1. Introduction
With the increasing demands of road traffic safety and the decreasing cost of data acquisition equipment, driving behavior identification has become a research hotspot in recent years. Real-time driving behavior identification is one of the most important basic modules of driving assistance systems [
1,
2], which has a wide range of applications in driver state monitoring [
3,
4,
5], driving style analysis [
6,
7,
8,
9], automobile insurance [
1], and fuel consumption optimization [
10].
Conceptually, there are two types of driving behaviors: macroscopic driving behavior and microscopic driving behavior. The macroscopic driving behavior refers to the overall driving states or patterns of the vehicle during a relatively long period of driving, such as normal, fatigue, aggressive, and other stages [
11,
12], while the microscopic driving behavior is more specific to short-range operations, usually including stop, acceleration, deceleration, and others, and is the focus of this paper. Referring to previous studies [
13,
14,
15,
16,
17], the five most typical driving behaviors were selected in this paper: lane keeping, acceleration, deceleration, turning, and lane change.

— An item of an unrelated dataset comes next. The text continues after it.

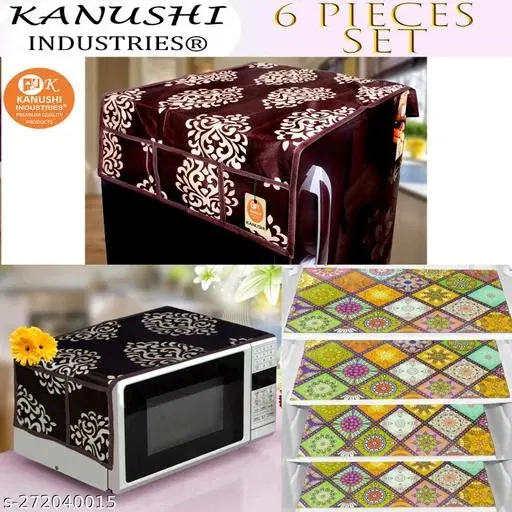 KANUSHI Industries® 1 Pc Microwave/Oven Top Cover + 1 Pc Fridge/Refrigerator Top Cover + 4 Fridge Mate(Color-Brown) (Micro+FRI-Brown-Floral+M-22-04)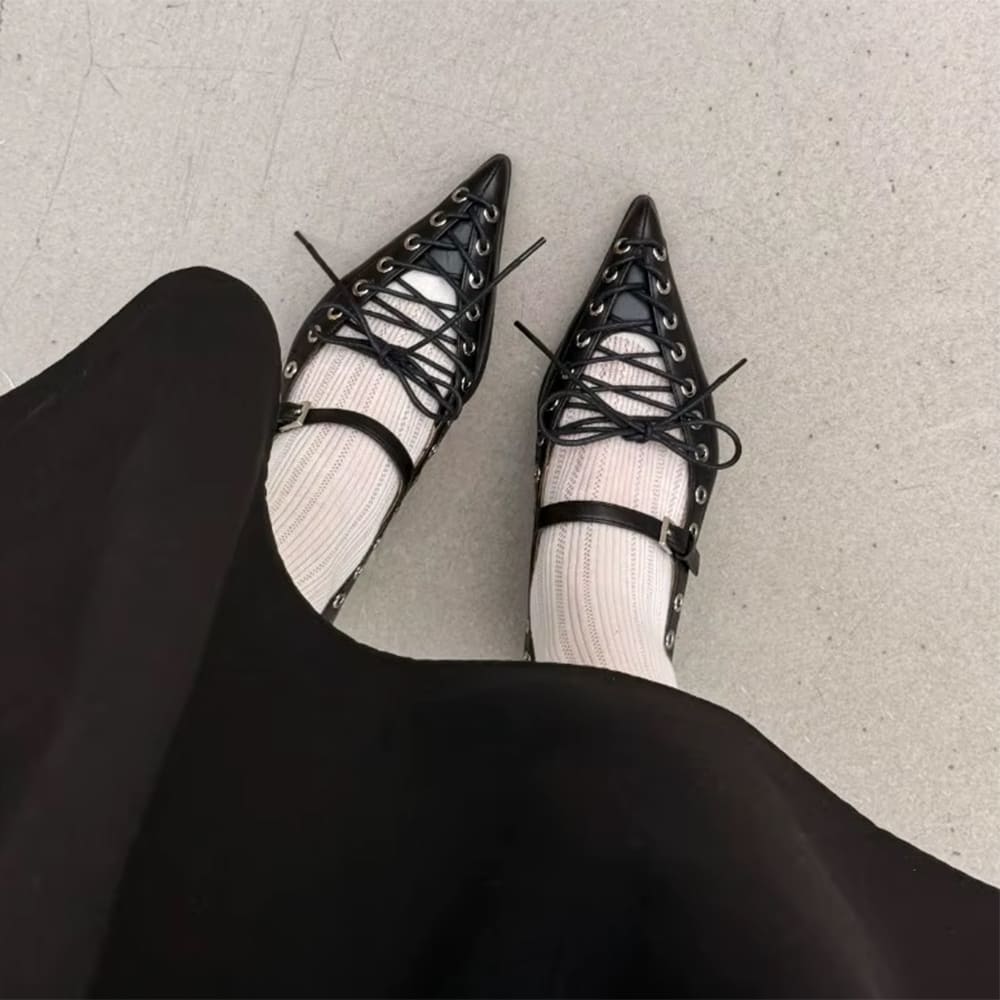 aesthetic lace-up pointed toe heels boogzel clothing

Currently, the methods of driving behavior identification can be divided into two main categories. One uses the thresholds of vehicle kinematic parameters to identify the start and end of driving behaviors. Ma et al. [
18] identified three kinds of driving behaviors, namely, turning, acceleration, and deceleration, by thresholds of vehicle angular velocity and longitudinal acceleration, with three styles, aggressive, normal, and cautious, to explore the differences in driving styles during different driving stages of online car-hailing. Although this method is simple and easy to comprehend, most of the thresholds in existing research are determined empirically, leading to weak identification effects, with the identified driving behaviors requiring manual verifications in most cases. Recently, the machine learning and deep learning-based methods have become more popular in transportation studies. Since the driving behaviors usually last for a period of time, identification is essentially a time series-based classification problem, where each sample is a two-dimensional matrix, including a time dimension and a feature dimension. Classic machine learning algorithms usually solve such problems by flattening features or dividing the time series into different time windows to extract the statistical features, such as mean, standard deviation, or other metrics, as input [
19,
20]. However, these extracted features could not reflect the chronological features of driving behaviors; thus, some researchers used the dynamic time warping (DTW) algorithm to reflect the sequence-to-sequence distance more reasonably [
14]. Zheng et al. [
1] used the KNN-DTW algorithm to identify two kinds of driving behaviors: left lane change and right lane change, with an identification accuracy of 81.97% and 71.77%, respectively. Considering the fact that it was a simple binary classification problem, such accuracies were relatively low, which can be attributed to the weakness of the algorithm itself. A more efficient method is to use deep learning algorithms to improve the nonlinearity and generalization ability [
21]. Xie et al. [
22] used the UAH-DriveSet public dataset, selected seven features, namely, velocity, tri-axis accelerations, and tri-axis angular velocities, and employed a convolutional neural network (CNN) to identify six kinds of driving behavior: lane keeping, acceleration, braking, turning, left lane change, and right lane change, with an average F1 of 0.87. Similarly, Xie et al. [
16] compared three window-based feature extraction methods, statistical values, principal component analysis, and stacked sparse auto-encoders, and used the random forest method to classify driving behaviors on three public datasets: UAH, UW, and IMS.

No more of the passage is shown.